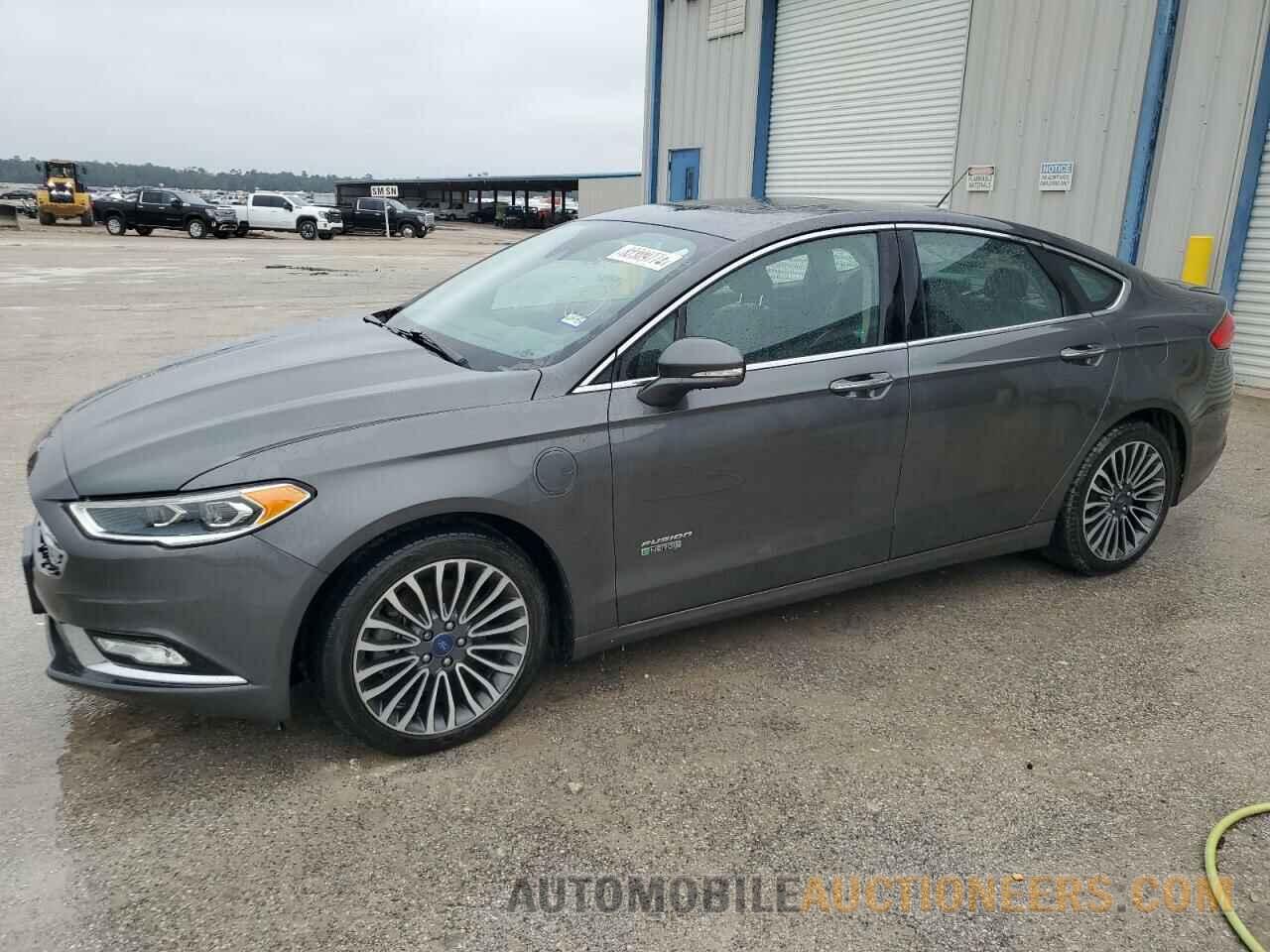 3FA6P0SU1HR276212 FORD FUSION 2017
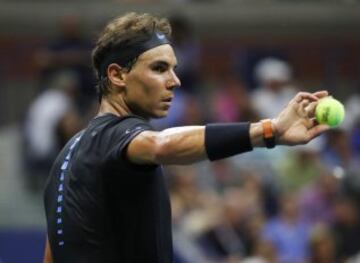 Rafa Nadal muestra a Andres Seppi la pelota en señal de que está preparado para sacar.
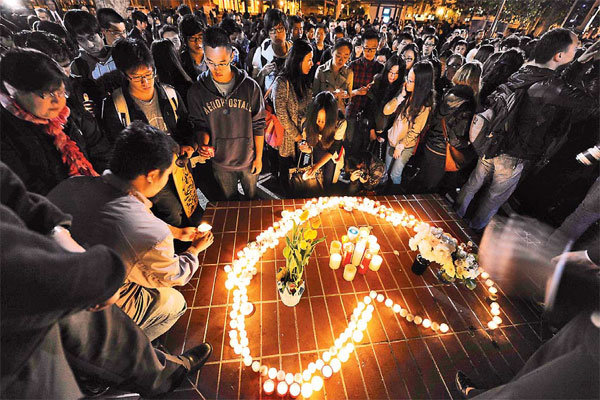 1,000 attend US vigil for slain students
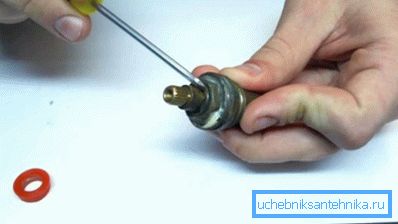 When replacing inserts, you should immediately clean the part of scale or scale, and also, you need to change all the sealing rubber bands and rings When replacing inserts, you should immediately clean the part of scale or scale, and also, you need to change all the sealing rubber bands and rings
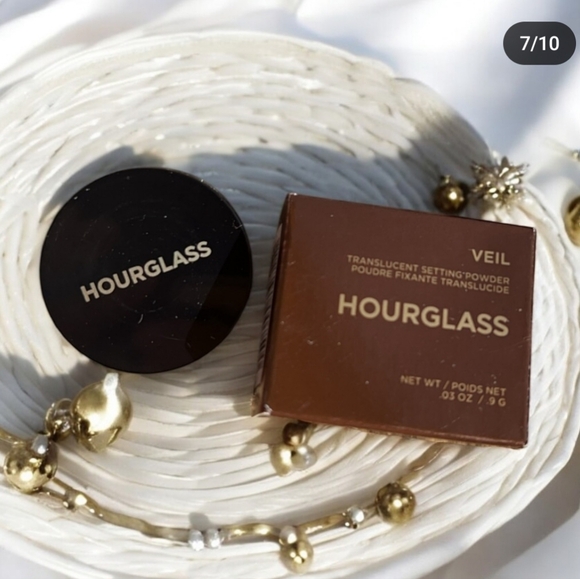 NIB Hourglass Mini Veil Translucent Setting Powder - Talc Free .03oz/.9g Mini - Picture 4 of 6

+ + + +

Your answer must be exactly the lines from the one containing "1,000 attend US vigil for slain students" through the last line of the records above, both included, with every picture left out.

**Result below:**
 1,000 attend US vigil for slain students
 When replacing inserts, you should immediately clean the part of scale or scale, and also, you need to change all the sealing rubber bands and rings When replacing inserts, you should immediately clean the part of scale or scale, and also, you need to change all the sealing rubber bands and rings
 NIB Hourglass Mini Veil Translucent Setting Powder - Talc Free .03oz/.9g Mini - Picture 4 of 6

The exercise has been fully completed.